Some of the results are certainly not surprising. We expected depression and prior suicide attempts to be strong predictors of suicidal ideation. The real value of this study rests in being able to see the whole picture at once. For example, PTSD was not directly related to suicidal ideation, but it was related to depression, which again is related to suicidal ideation. Similarly, combat exposure was not directly related to suicidal ideation, but it was related to depression and PTSD. These are important nuances if we want to identify who is most at risk for suicide. Other results were interesting, too. Anger and substance misuse were both related to suicidal ideation.
This isn’t the first study to find any of these results.
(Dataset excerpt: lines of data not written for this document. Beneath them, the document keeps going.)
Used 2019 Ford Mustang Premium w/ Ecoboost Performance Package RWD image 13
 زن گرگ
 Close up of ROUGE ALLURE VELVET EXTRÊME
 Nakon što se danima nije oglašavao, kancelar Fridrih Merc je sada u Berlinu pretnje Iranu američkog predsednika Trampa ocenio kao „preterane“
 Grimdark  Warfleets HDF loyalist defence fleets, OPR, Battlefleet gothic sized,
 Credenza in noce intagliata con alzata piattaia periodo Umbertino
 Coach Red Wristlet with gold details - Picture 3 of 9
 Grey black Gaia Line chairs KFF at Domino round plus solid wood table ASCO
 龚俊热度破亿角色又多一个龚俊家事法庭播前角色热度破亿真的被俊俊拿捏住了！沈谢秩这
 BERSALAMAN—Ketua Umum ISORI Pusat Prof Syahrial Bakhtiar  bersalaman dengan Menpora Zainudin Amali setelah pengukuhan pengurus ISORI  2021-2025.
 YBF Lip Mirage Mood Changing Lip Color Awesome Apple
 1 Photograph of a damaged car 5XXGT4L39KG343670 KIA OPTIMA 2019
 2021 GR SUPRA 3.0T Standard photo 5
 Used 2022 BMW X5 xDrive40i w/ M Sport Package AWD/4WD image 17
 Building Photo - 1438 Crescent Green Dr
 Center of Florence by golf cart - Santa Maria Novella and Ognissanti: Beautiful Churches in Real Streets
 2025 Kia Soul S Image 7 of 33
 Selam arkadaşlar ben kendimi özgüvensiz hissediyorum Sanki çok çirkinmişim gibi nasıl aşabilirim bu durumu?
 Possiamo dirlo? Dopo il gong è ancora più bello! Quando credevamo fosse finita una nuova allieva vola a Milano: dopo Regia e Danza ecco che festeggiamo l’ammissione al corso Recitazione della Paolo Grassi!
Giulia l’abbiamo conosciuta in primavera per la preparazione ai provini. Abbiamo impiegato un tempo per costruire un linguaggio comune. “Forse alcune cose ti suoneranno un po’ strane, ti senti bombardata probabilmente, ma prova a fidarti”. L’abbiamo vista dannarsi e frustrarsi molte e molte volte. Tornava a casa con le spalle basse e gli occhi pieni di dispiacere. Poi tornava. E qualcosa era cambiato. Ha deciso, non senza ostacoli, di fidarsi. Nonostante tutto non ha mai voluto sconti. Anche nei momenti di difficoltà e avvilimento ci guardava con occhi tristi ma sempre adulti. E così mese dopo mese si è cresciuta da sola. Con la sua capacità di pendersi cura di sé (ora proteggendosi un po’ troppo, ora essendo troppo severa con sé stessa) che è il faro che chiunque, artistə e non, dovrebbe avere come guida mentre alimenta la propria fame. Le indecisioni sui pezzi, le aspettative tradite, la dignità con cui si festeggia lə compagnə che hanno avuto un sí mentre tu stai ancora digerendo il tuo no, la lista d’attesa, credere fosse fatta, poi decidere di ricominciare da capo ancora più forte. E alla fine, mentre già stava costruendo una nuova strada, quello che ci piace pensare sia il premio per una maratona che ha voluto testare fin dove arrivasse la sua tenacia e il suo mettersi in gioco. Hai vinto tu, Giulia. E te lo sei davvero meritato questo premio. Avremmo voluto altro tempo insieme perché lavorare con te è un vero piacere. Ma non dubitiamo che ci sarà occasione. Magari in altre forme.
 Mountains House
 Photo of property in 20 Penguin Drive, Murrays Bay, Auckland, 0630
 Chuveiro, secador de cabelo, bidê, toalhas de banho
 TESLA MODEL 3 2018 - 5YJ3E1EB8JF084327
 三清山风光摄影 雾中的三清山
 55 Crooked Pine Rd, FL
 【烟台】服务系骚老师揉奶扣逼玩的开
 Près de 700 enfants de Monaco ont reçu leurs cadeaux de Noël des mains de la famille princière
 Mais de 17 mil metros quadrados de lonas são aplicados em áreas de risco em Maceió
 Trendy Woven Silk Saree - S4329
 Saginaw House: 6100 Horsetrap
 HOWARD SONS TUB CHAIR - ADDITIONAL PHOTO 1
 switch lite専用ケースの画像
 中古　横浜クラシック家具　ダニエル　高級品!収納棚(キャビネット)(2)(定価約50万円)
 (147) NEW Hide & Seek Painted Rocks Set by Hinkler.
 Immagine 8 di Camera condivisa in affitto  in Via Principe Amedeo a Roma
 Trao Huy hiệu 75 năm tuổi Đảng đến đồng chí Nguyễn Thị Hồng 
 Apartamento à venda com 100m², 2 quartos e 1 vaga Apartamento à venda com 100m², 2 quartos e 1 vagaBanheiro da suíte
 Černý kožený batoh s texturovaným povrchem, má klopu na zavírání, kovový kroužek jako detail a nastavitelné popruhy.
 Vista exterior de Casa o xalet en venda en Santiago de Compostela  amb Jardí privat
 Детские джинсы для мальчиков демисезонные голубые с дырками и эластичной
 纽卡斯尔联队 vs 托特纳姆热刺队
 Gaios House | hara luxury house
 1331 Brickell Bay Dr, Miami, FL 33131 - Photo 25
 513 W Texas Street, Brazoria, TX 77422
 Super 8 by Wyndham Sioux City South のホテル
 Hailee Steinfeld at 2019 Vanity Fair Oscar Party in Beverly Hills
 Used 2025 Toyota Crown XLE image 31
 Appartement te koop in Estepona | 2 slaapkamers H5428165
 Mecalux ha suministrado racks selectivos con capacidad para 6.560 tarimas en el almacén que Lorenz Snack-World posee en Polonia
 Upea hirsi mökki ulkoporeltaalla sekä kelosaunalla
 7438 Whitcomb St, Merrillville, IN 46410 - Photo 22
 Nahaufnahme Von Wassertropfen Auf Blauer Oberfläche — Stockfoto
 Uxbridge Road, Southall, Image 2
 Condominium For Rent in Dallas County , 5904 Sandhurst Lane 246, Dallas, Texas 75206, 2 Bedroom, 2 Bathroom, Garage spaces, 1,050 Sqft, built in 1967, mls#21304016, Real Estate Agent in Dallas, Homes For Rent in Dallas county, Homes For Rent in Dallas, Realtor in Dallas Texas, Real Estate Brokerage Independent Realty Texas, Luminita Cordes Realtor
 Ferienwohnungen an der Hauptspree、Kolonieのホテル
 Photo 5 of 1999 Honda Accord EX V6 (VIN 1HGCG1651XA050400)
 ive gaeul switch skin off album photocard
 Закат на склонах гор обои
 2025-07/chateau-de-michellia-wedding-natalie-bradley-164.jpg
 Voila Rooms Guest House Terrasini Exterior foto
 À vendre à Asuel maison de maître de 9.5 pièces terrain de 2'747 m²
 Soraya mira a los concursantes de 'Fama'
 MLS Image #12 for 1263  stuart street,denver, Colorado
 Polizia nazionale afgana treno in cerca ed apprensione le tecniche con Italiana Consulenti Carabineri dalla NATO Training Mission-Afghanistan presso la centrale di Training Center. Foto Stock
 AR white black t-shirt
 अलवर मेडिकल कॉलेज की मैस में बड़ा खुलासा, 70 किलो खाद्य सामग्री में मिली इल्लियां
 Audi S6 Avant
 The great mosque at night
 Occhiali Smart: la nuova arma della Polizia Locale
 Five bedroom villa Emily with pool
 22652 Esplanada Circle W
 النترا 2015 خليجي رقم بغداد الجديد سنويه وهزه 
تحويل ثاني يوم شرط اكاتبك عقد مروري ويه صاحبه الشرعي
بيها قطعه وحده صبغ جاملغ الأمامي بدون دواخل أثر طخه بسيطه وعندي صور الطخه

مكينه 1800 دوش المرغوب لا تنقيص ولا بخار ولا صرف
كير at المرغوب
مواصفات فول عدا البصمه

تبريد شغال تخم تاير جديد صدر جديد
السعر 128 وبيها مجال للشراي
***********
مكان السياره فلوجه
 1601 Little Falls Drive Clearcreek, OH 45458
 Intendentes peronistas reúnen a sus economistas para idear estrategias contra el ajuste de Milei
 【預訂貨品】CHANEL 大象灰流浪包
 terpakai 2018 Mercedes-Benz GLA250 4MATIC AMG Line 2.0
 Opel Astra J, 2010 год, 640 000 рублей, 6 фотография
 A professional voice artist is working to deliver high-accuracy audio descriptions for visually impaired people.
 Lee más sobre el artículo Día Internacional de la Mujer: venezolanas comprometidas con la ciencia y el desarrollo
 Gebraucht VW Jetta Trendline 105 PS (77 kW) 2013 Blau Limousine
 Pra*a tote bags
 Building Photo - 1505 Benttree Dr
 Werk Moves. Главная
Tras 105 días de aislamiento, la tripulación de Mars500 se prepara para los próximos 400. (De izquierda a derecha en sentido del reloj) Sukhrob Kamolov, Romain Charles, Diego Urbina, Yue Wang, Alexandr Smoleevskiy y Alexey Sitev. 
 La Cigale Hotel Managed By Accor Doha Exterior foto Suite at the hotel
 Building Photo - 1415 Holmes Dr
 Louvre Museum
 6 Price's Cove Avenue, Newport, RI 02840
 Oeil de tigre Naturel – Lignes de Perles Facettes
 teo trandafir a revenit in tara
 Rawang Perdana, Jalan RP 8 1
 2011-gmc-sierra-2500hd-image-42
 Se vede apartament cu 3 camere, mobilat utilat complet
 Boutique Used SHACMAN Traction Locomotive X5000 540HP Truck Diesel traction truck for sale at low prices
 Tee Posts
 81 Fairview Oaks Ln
But network analysis is fantastic because it lets us see all of these results play out at once.
What influenced you to pursue this study?
I came across network theory while writing my dissertation in graduate school at the University of Missouri—St. Louis. The way it broke down such a complex phenomenon, the cause of mental disorders, in such an easily digestible way really resonated with me. More importantly, I also found that it resonated with patients and was crucial in both instilling hope for recovery and defeating self-stigma related to mental health diagnoses.
With regard to this study, I was extremely lucky to have the Mid-Atlantic Mental Illness Research, Education, and Clinical Center (MIRECC) workgroup at the Durham VA share its data and work with me while I was a doctoral intern at the Durham VA. In particular, I am extremely grateful to Dr. Kirsten Dillon, who volunteered to serve as my research mentor that year and Dr. Eric Elbogen, who has been my mentor for a decade. Three other mental health researchers at the Durham VA, Dr. Stefanie LoSavio, Dr. Jean Beckham, and Dr. Frances Aunon, also made integral contributions in coauthoring this study. Together, we got to work on how I could use the knowledge base I already had on network theory to support the mission of the Mid-Atlantic MIRECC. The topic of predicting suicide was a natural conclusion, as it is sadly so prevalent in our Veteran population. Coming from a military family and being a service member myself, this research question remains deeply personal and important to me.
How do you hope these findings will help Veterans at risk for suicide?
This study is intended to help us predict who is most at risk for suicide, which in turn informs treatment. The study speaks to the importance of clinicians getting into the details of their patients’ symptoms to understand their suicide risk. For example, sleep problems may not predict thoughts of suicide and did not in this study. But they meaningfully exacerbate problems with depression.
Depression does predict suicide risk, so we’d want to know that. The same question could be asked with regard to PTSD and combat exposure, as well. Similarly, alcohol misuse may not predict suicidal thoughts on its own. But it does predict anger, which was found in the study to predict suicidal ideation. Clinicians need to understand these relationships and try to conceptualize what the “network” may look like for their patients. Finally, this study also highlights the importance of social support. Strong social support strongly predicted lower depression and subsequently lower suicide risk.